A Comprehensive Guide to Managing Large Scale Infrastructure with GitOps
GitOps is getting adopted more and more. However, there still seems to be some confusion as to what GitOps is, how it differs from regular CI/CD pipelines, and how to best adopt it. In this post we will quickly cover what GitOps is, and the three main lessons learned from using GitOps to manage infrastructure at scale both on premise and in the cloud.
GitOps Overview
GitOps is a set of principles enabling the operation of a system via version controlled, declarative configuration. More specifically, the OpenGitOps project defines four principles which define whether a system or set of systems is managed via GitOps:
- Declarative: A system managed by GitOps must have its desired state expressed declaratively.

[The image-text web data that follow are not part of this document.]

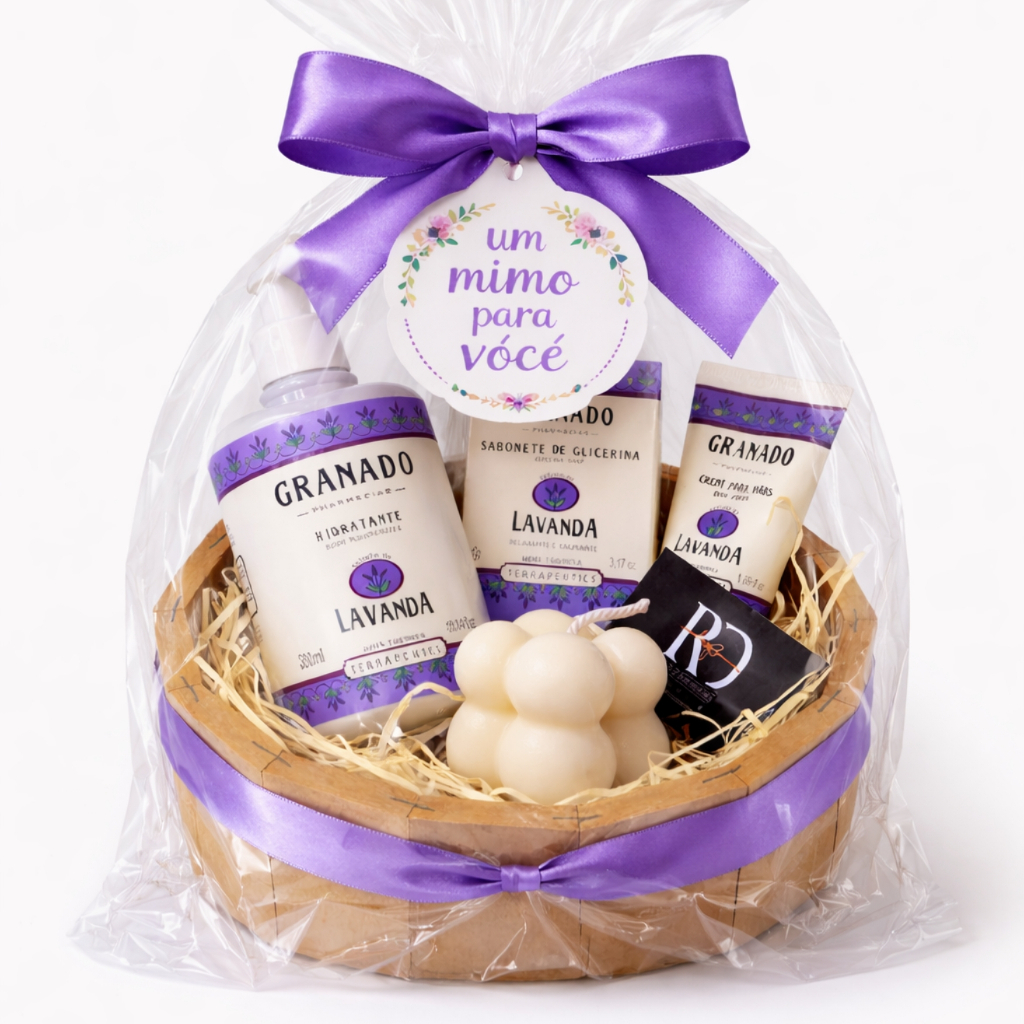Kit Presente Feminino Spa Lavanda Granado com Hidratante, Creme para Mãos, Sabonete e Vela Aromática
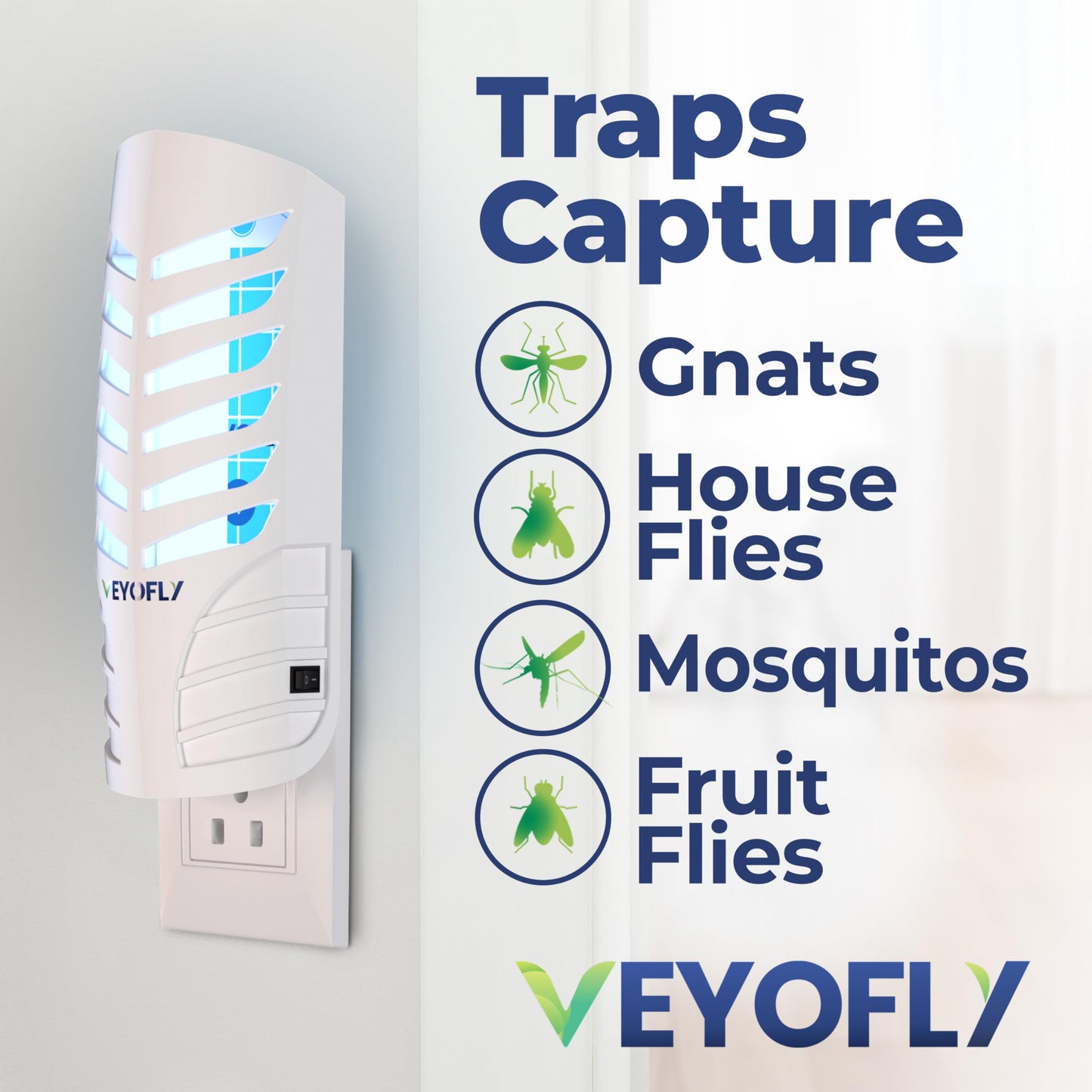 VEYOFLY Fruit Fly Traps for Indoors, Fly Trap Indoor, (2 Device + 6 Refills) Fly Catcher Indoor, Gnat Traps for House Indoor, Fly Trap, Plug in Light Flying Insect Trap, Bug Killer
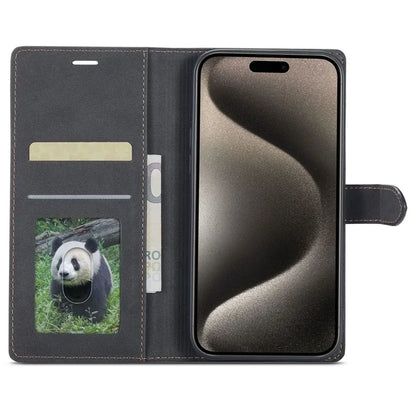 FORWENW F1 Series For iPhone 15 Pro Case PU Leather Magnetic Clasp Full Protection Phone Wallet Cover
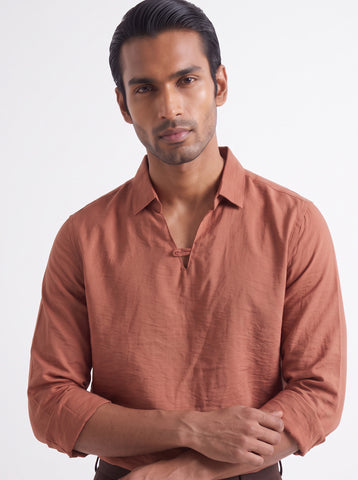 Solid Airy Crinkled Burnt Orange Shirt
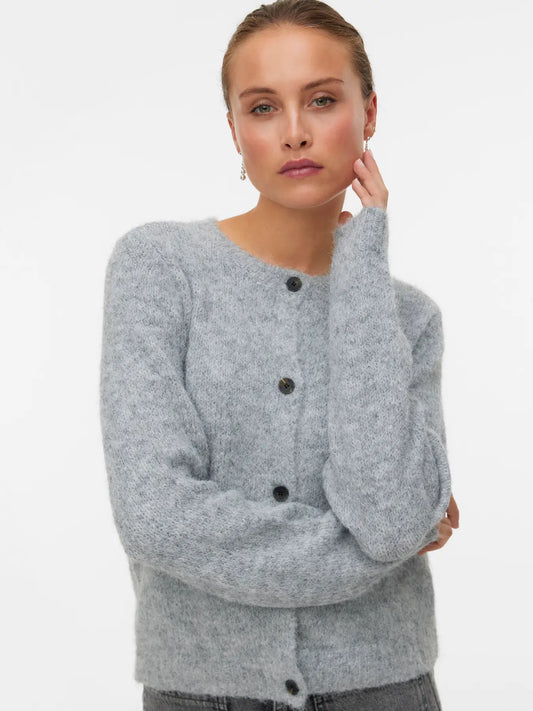VMNOVAH LS O-NECK BUTTON CARDI MGM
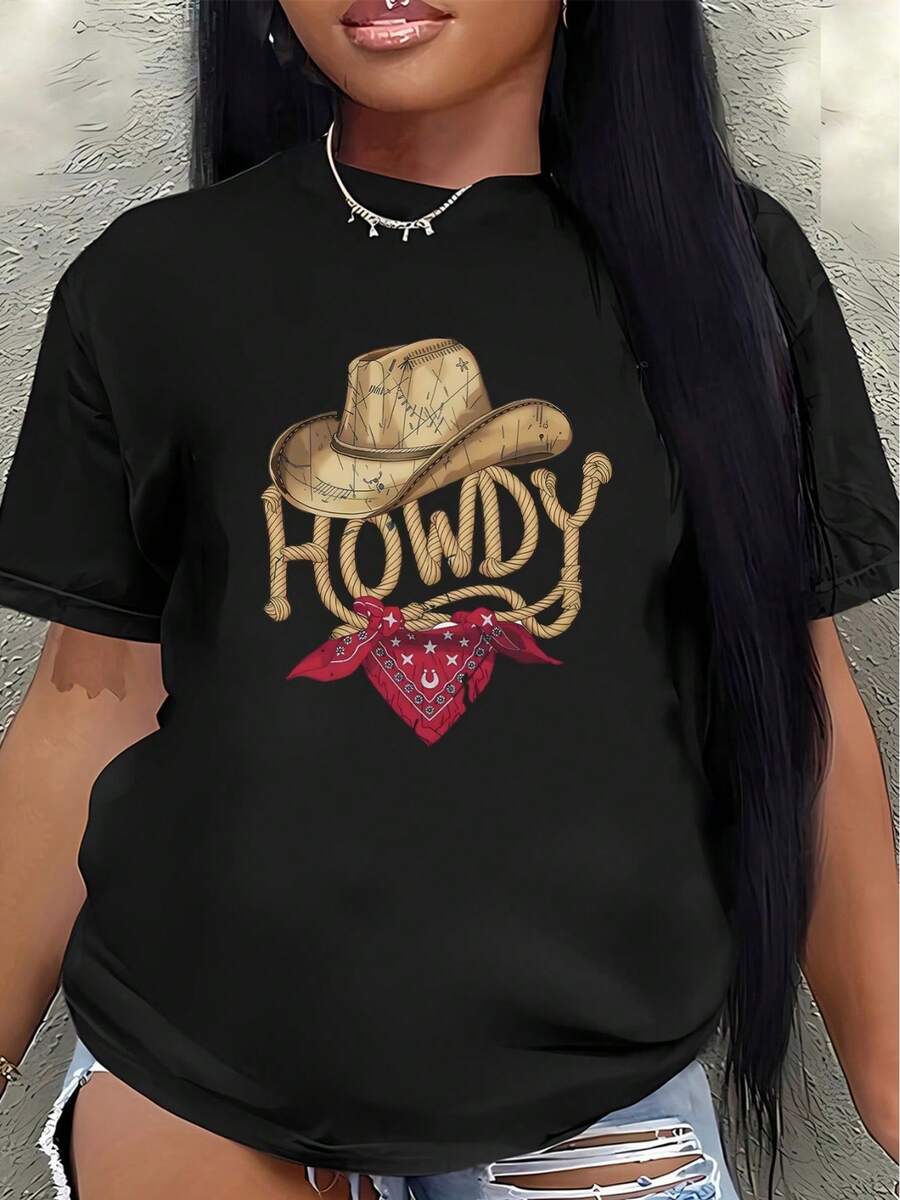 This Short-Sleeved Polyester T-Shirt, Featuring A Cowboy Hat And Bandana Design With The Word "Howdy," Is Lightweight And Durable, Perfect For Casual Wear At Home, In Restaurants, Or Outdoors. It's Comfortable And Has A Great Fit For Everyday Wear. The Printed Design Is Simple, Versatile, And Has A Relaxed Fit With A Fitted Crew Neck. - 黑色 - 查看 1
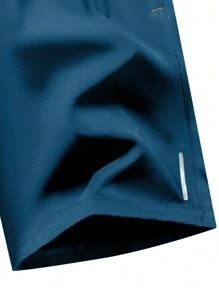 Men's Solid Color Casual & Sports Shorts - Blue - View 9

- Versioned and Immutable: Desired state is stored in a way that enforces immutability, versioning and retains a complete version history.
- Pulled Automatically: Software agents automatically pull the desired state declarations from the source.
- Continuously Reconciled: Software agents continuously observe actual system state and attempt to apply the desired state.
Note that git
is not referenced anywhere, as GitOps is not bound to any tooling. However, in
layman terms, many consider a system operated via git
to be a GitOps system. This is not quite
correct.
GitOps is More than CI/CD Pipelines
Taking the "layman's definition" from above, any system that has CI/CD via pipelines triggered on
repository changes would be a GitOps system. This is not accurate. Consider an IaC pipeline which
applies declaratively defined infrastructure (such as a standard opentofu apply
in a pipeline, or
a Docker build followed by a kubectl apply
). While such a system adheres to the first two
principles, it does not adhere to the latter two. This implies that changes made to the target
system are not corrected (reconciled) until the pipeline runs the next time. Similarly, if the
pipeline fails for whatever reason, the desired state does not change the pipeline: a configuration
drift is not detected, even if not reconciled.
This is an important distinction when considering "standard CI/CD" and GitOps. Simply having something declared as code does not make it GitOps.
The Advantages of GitOps
GitOps has many advantages over standard ways of managing systems. The advantages of having a
declarative desired state, version controlling it, and interacting with the system only via git
(or whatever version control system you use) are tremendous. From improved security and higher
efficiency to better change visibility. These are well known to most people and will thus not be
covered here.
Drift detection and automatic reconciliation are the two other aspects that make GitOps absolutely amazing. This is especially true in the current day and age, with the proliferation of complex systems being worked on by many people concurrently. Being able to observe that the system is not in the desired state has massive advantages, such as for standard SRE operations. Continuous reconciliation ensures that manual operational tasks are kept to a minimum, and that systems cannot degrade over time as small undesired changes creep in.
Tooling
In this post we will mostly focus on using GitOps to manage resources handled via the Kubernetes API, but it should be noted that GitOps as a concept is in no way restricted to Kubernetes. In the Kubernetes space there are two major players for GitOps: ArgoCD and FluxCD. We will not go into the details as to what the advantages for each tool are, other than saying that according to our own experience, ArgoCD might be more developer focused, while FluxCD might suit platform engineers with more Kubernetes experience that want more flexibility.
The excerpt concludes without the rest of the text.